** Goal of the exercise **
Look through the lines below and extract any with the word "Soft".

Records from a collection
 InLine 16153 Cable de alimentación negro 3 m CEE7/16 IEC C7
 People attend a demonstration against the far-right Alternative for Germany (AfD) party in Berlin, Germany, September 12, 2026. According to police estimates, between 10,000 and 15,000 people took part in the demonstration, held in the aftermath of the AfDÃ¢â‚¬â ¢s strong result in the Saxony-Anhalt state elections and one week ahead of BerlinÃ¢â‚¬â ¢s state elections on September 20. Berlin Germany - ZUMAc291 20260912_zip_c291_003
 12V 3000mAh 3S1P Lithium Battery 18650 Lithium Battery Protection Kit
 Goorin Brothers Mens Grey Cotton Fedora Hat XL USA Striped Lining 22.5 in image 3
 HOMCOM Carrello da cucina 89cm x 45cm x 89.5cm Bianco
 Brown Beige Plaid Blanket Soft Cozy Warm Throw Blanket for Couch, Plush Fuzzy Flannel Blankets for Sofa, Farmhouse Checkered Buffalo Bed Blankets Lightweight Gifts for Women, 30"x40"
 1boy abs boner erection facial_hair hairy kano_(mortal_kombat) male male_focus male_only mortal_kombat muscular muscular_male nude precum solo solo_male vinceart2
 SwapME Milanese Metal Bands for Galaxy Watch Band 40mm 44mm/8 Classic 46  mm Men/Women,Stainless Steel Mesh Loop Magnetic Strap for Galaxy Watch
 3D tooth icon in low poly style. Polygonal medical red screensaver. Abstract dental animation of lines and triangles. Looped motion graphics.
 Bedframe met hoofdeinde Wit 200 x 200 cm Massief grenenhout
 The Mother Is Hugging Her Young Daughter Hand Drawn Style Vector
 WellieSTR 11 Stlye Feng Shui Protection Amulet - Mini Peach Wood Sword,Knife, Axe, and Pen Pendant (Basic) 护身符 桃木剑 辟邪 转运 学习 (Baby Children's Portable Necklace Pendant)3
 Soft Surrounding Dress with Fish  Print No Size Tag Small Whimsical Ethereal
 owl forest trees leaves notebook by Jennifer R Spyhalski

** Reply to the exercise **
 Brown Beige Plaid Blanket Soft Cozy Warm Throw Blanket for Couch, Plush Fuzzy Flannel Blankets for Sofa, Farmhouse Checkered Buffalo Bed Blankets Lightweight Gifts for Women, 30"x40"
 Soft Surrounding Dress with Fish  Print No Size Tag Small Whimsical Ethereal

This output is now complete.